# Eyebrows --> Alternatives to the pencil!



## Floyd (Dec 14, 2013)

Hello, Ladies!
 

I could REALLY use some advice!  I am a guy, and I know next to nothing about makeup! (aside from stage make up)

Here's the deal.. During pregnancy with one of my older brothers my poor mom lost just about all of her eyebrow hair. She has been using an eyebrow pencil to draw on eyebrows for probably close to 30 or more years. Lately she has been talking about the idea of getting eyebrow tattoos. (Risky, and expensive.) I've been looking online for other ideas. Hair implants are apparently just as risky, and even more expensive. There is also the idea of doing henna, which I might suggest to her..

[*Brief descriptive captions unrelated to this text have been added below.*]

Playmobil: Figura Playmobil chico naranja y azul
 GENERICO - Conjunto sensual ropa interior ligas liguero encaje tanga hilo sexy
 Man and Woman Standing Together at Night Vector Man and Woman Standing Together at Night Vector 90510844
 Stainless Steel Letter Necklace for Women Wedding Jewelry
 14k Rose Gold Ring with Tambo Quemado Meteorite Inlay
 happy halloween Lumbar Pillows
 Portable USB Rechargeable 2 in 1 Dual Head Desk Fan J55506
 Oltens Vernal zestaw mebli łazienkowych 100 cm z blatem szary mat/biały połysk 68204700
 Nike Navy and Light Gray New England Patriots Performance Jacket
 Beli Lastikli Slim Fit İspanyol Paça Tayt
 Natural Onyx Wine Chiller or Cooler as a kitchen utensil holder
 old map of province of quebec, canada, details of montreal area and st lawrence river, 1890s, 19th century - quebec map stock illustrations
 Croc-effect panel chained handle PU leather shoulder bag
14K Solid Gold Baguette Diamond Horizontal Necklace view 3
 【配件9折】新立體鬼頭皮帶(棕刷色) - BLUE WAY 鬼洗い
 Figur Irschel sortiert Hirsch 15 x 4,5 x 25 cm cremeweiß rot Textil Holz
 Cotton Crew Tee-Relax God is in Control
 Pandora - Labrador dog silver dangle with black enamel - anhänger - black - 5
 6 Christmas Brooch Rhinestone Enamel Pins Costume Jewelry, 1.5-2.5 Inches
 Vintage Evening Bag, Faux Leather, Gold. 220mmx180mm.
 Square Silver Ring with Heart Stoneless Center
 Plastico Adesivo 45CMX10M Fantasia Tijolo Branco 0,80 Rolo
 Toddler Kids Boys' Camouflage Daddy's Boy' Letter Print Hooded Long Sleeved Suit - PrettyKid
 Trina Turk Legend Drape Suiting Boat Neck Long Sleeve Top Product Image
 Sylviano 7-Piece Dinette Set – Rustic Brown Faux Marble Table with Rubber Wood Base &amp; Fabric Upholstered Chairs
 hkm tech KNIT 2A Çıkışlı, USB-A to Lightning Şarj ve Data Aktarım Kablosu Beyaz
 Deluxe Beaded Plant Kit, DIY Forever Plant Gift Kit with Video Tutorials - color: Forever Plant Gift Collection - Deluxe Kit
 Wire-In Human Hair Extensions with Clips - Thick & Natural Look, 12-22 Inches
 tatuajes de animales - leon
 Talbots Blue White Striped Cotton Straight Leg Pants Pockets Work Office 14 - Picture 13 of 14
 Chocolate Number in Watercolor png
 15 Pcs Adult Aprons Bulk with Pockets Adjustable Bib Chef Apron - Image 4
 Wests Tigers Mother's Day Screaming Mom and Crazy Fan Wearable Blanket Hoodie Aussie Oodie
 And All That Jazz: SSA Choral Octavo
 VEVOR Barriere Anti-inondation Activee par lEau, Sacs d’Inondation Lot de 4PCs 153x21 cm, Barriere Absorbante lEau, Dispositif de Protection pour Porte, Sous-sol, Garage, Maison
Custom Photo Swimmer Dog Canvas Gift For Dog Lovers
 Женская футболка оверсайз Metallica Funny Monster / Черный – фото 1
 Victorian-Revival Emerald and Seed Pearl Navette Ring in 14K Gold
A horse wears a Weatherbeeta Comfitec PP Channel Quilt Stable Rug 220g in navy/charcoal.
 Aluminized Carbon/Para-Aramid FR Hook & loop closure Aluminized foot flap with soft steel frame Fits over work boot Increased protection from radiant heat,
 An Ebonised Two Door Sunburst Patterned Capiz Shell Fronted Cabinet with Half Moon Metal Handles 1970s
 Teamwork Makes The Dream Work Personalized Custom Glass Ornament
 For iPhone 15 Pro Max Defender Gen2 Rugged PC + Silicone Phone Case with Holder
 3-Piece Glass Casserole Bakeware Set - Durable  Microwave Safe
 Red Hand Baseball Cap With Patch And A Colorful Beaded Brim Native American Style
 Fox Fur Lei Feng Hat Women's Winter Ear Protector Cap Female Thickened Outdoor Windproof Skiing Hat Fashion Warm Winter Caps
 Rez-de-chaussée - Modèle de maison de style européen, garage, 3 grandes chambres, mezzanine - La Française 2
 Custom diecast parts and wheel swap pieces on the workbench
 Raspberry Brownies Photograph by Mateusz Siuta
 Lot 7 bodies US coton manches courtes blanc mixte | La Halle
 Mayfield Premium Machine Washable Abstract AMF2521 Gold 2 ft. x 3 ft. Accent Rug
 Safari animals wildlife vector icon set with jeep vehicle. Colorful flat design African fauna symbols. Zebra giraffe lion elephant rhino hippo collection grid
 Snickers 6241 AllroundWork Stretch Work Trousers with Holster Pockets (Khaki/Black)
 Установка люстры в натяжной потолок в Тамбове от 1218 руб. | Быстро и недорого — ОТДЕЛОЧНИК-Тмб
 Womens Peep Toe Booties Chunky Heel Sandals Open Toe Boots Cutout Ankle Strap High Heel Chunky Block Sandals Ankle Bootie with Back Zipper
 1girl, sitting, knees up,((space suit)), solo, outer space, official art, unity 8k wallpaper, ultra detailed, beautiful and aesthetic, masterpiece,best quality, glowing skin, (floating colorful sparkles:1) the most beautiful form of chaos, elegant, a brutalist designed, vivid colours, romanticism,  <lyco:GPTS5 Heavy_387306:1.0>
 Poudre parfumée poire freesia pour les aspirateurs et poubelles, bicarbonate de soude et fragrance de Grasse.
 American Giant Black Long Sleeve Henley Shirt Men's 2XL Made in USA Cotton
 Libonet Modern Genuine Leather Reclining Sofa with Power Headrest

Any ladies have any advice or suggestions? Anybody have any experience with eyebrow tattoos, or even implants? I'd appreciate it!

Sorry if this post is in the wrong forum.


----------



## kotoko (Dec 14, 2013)

This is totally a thing! I actually researched it, because my eyebrows are pretty light, but haven't decided to pull the trigger yet. Maybe later on.

Here's a blogpost that I found super helpful: http://prettygossip.com/2012/04/17/i-tattooed-my-eyebrows/

Also, this is and has been a thing in Asia for YEARS. You might know people who know other people who have done it; apparently, some of my aunts had it done? Maybe they could give you some input.

Best of luck!


----------



## makeupbyomar (Dec 19, 2013)

Just make really sure you research your tattooist for your brows. I don't know where you're at, but in NA, I would recommend you avoid estheticians, as they are not tattoo artists. I have seen a lot of botched work from them. Your best bet is to go into a proper tattoo shop and get your brows done by a pro. Look at it this way... Would you rather get your brows done by someone who took a weekend course? Or by someone who has been tattooing professionally for 10-15 years? As with all creative and visual mediums, always ask to see their portfolio. If they don't have one, walk away, regardless if it's from a tattoo shop or from a full service spa / salon. Remember, tattoos are for life. Covering up a brow tattoo via another tattoo or laser removal, or covering it with make-up, will be a lot more than you bargained for. Again, take your time and research! Kotoko gave a link which is a good first start. Good luck!


----------